Zoom lenses are of course much less traditional and familiar on a film set, but they are gaining in popularity.  Many revolutionary and cutting edge directors will use the zoom lens, and they offer their own list of advantages:

  • More versatile
  • Easier to use
  • Unique Shots

These lenses are obviously more versatile as you can adjust the focal point without changing lenses.  If you’re into documentary film, where you have to adjust on the fly to the changing environment, or high action sequences in heavy gun shooting scenes, you are going to love the zoom lens’s versatility.  Obviously, you don’t want to use the zoom out of laziness, you want to use it to it’s ultimate efficacy.

If specialty shots is your thing, then you are going to love the zoom lenses, because you will be able to achieve certain looks and feels that would otherwise be impossible.  70’s cinema used zooms heavily, so it’ll provide a vintage look that may be exactly what you’re going for.
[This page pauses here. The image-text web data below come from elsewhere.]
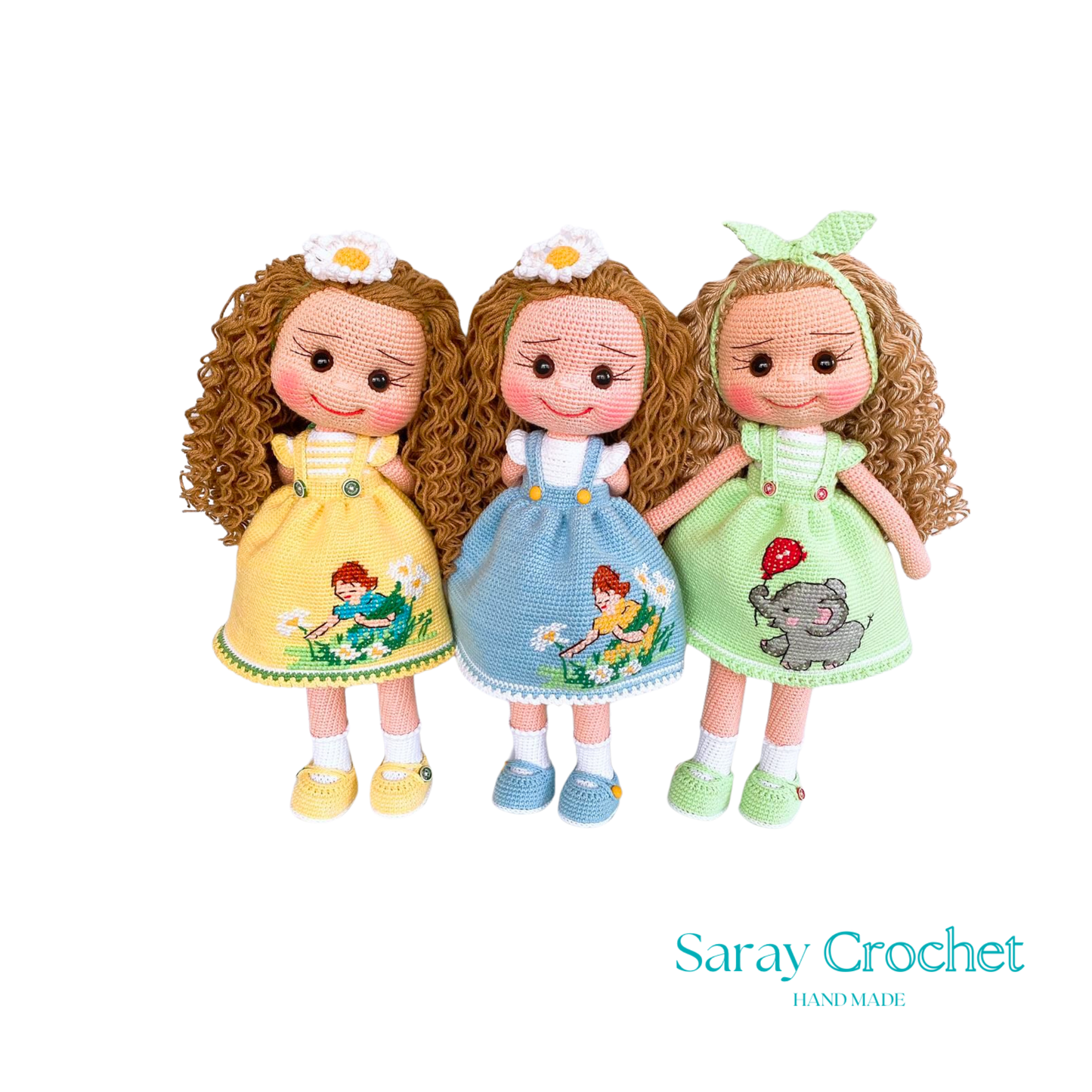 Three handcrafted dolls with curly hair, each wearing a uniquely designed dress in yellow, blue, and green colors.
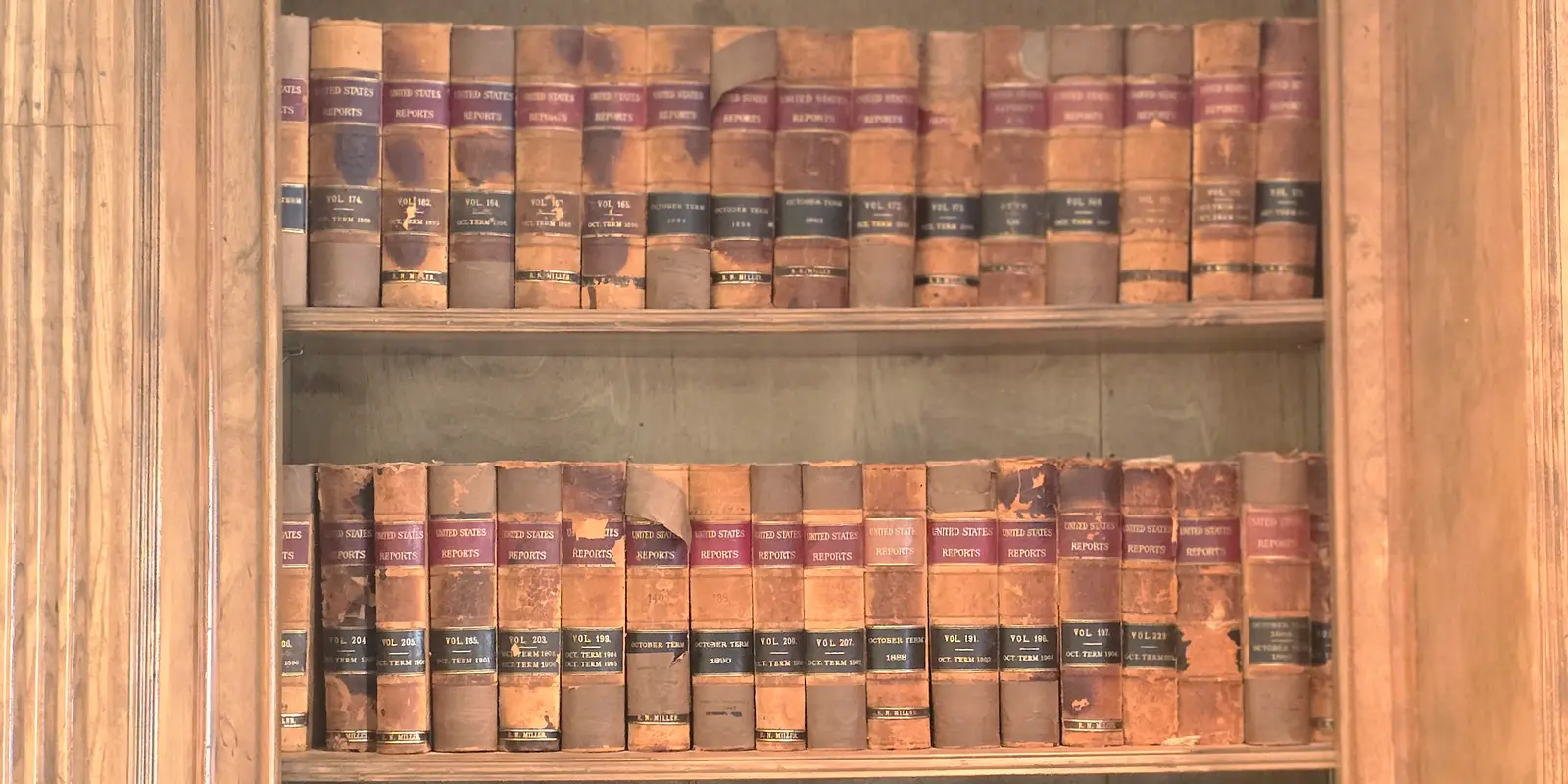 Bound volumes of United States Reports on the bookcase in the Barnett Law Firm conference room.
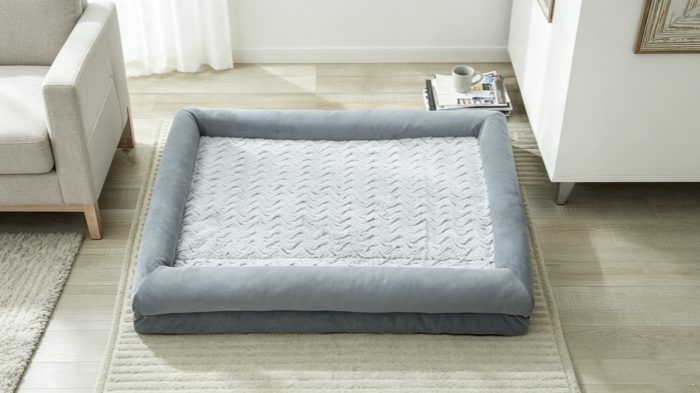 Cozy Grey Orthopedic Dog Bed for Large Breeds A top-down view of a plush, light grey bolster dog bed with a textured chevron-pattern sleep surface, placed on a light wood floor in a bright living room setting.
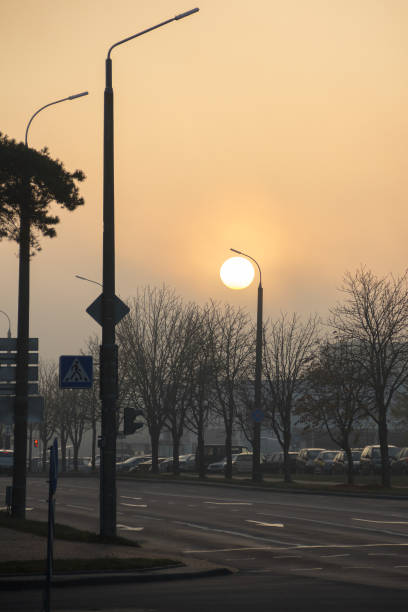 istock Dawn on a city street in the fall. 1314134456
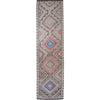 A long rectangular area rug with a geometric tribal pattern in pink, blue, gray, and beige on a white background.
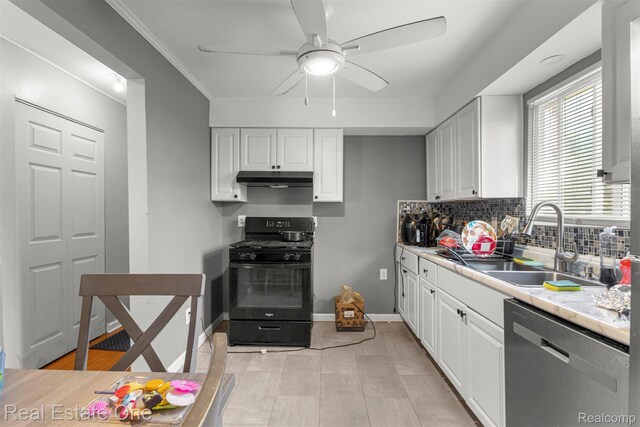 496 Lenoir Ave, River Rouge, MI 48218 - kitchen with stainless steel dishwasher, gas stove, under cabinet range hood, white cabinetry, and a ceiling fan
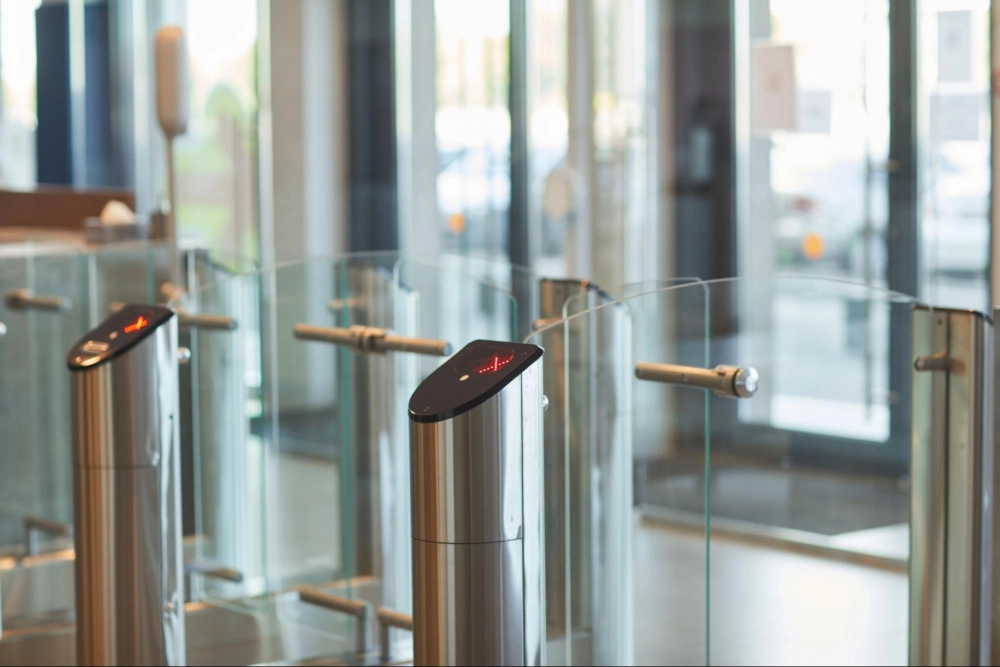 Modern access control security turnstile system at a secure building entrance, managed by American Security Force.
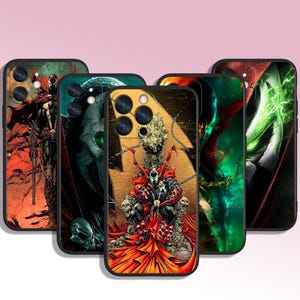 May include: Five black phone cases featuring comic book artwork. The designs showcase Spawn characters in action poses, using red, green, black, and gold. The cases have a glossy finish and are set against a pink backdrop.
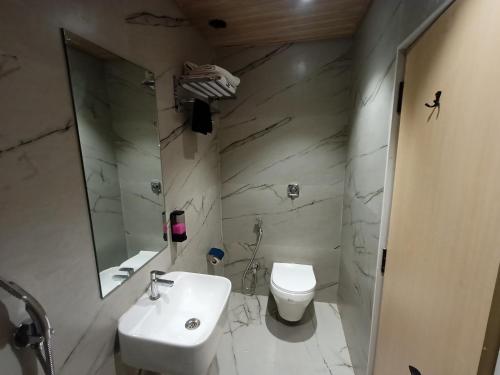 a white bathroom with a sink and a toilet at Hotel Golden Suites - Near Nesco in Mumbai
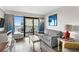 Bright living room with a sofa, balcony access, and beach view, complemented by modern furnishings at 7200 N Ocean Blvd. # 662, Myrtle Beach, SC 29572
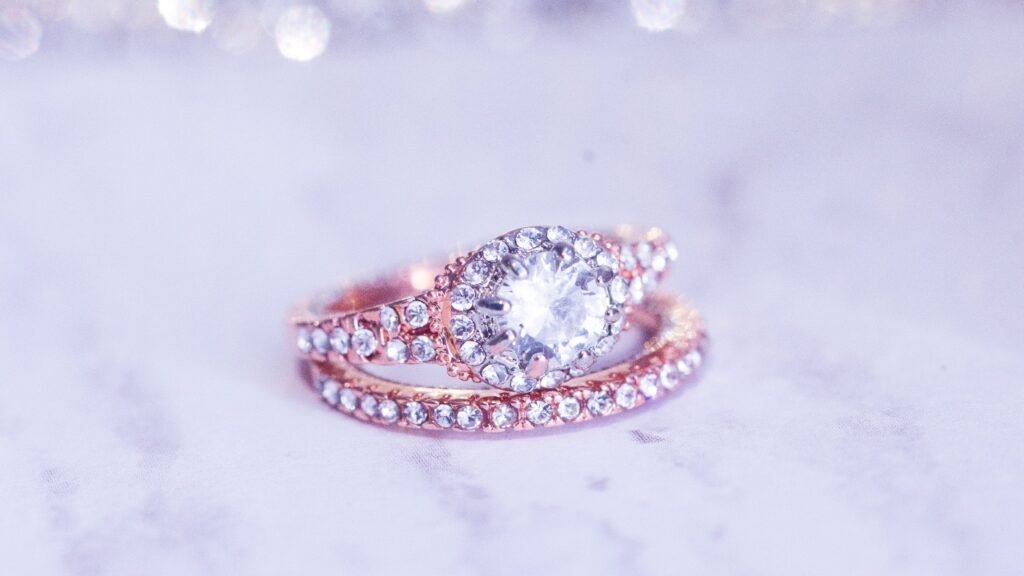 A rose gold ring studded with diamonds being photographed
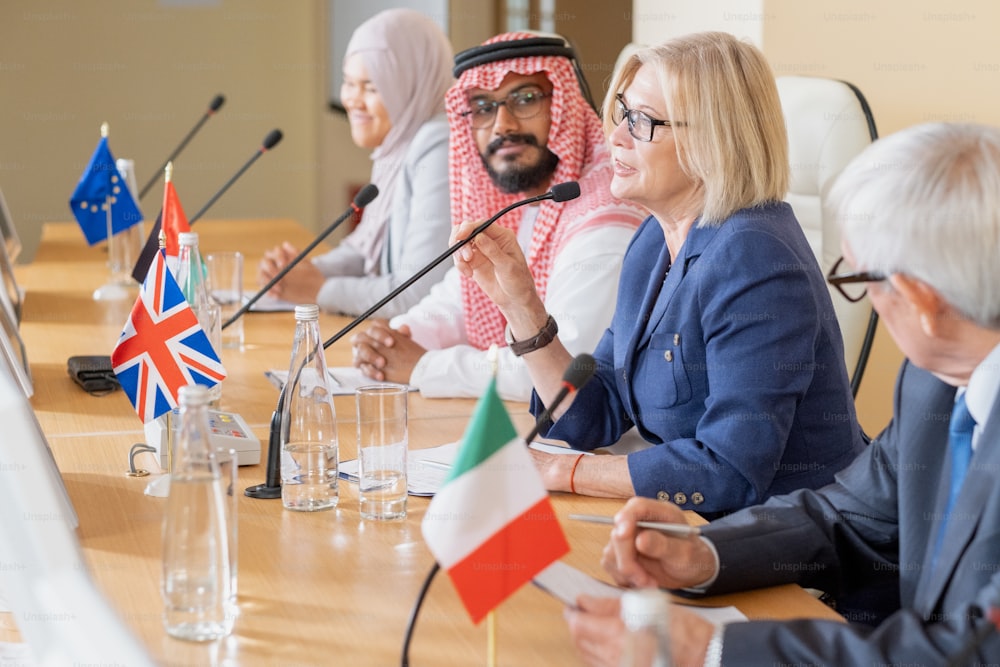 Mature female politician in eyeglasses sitting among multi-ethnic colleagues and speaking into microphone at conference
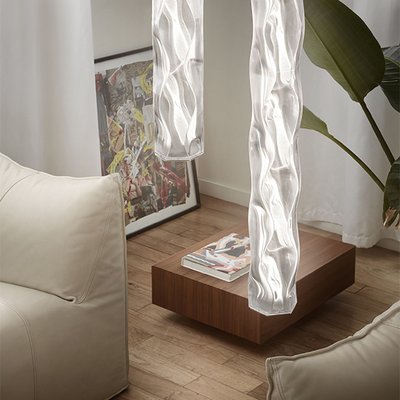 Suspensions design Hugo Vertical de Slamp émettant une lumière sculpturale dans un salon moderne avec fauteuils crème, plante tropicale et table basse en bois – Maison du Luminaire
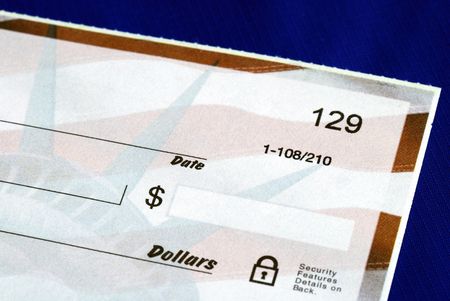 Write the dollar amount on the check isolated on blueの写真素材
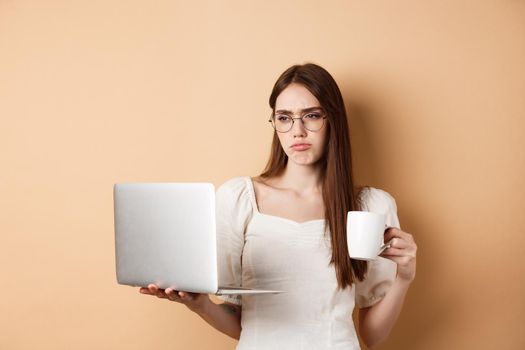 Tired working girl looking at laptop bored, drinking coffee while using computer for work, standing on beige background.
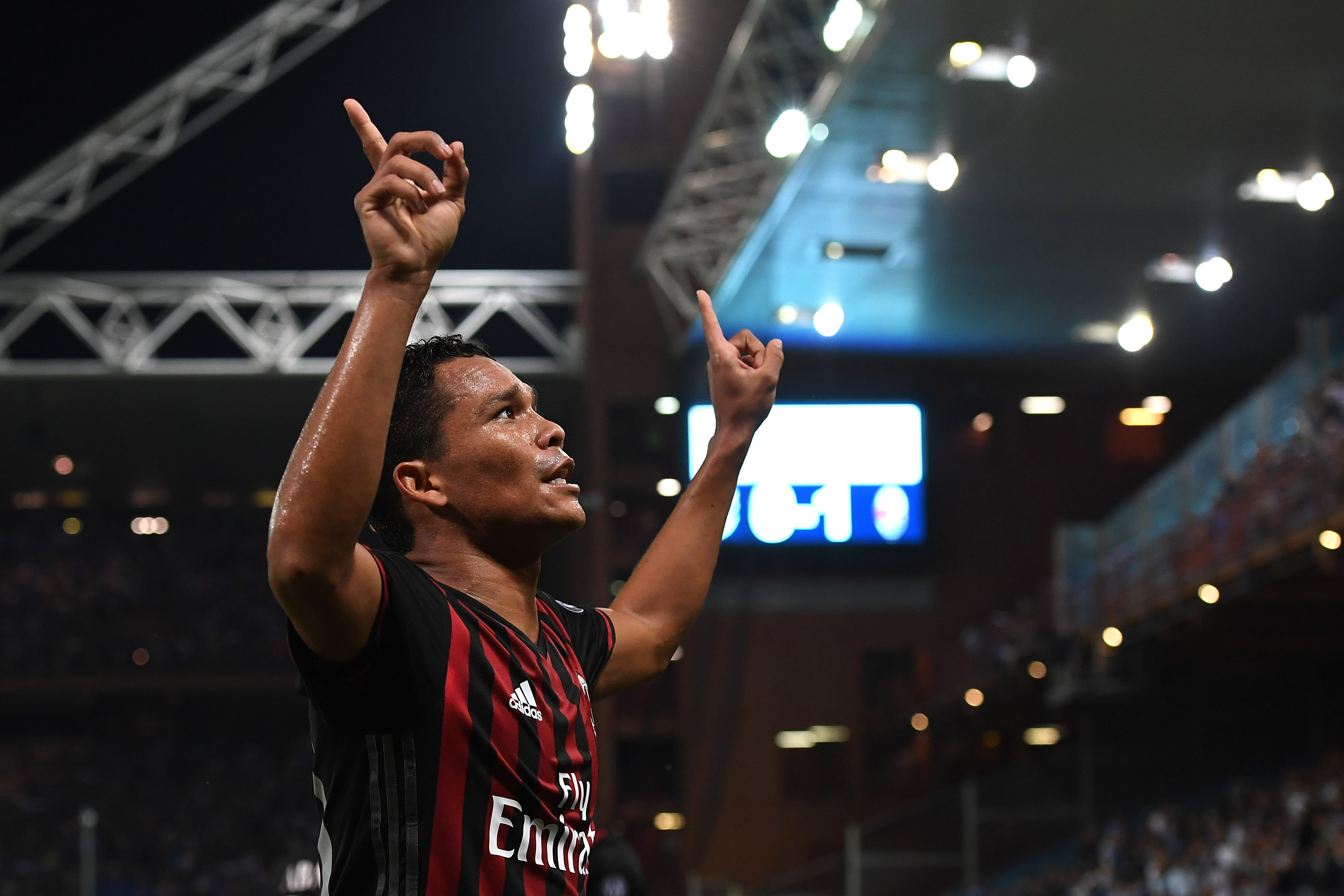 GENOA, ITALY - SEPTEMBER 16: Carlos Bacca of AC Milan celebrates after scoring the opening goal during the Serie A match between UC Sampdoria and AC Milan at Stadio Luigi Ferraris on September 16, 2016 in Genoa, Italy. (Photo by Valerio Pennicino/Getty Images)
And while a prime lens camera is certainly cheaper than the zoom, you’ll have to factor in the fact that you will eventually want more than one prime lens, and having many prime lenses in your arsenal will eventually probably cost a lot more than one zoom.

All of this said, it’s up to your personal taste of course.  If you were a millionaire, you’d have all of the lenses they sell on the market.  If you have to buy just a few or just one, you should weigh whether you’re going more for a vintage or classic look, or want the flexibility to shoot in multiple genres.  A nice zoom lens might be your best bet for the beginner.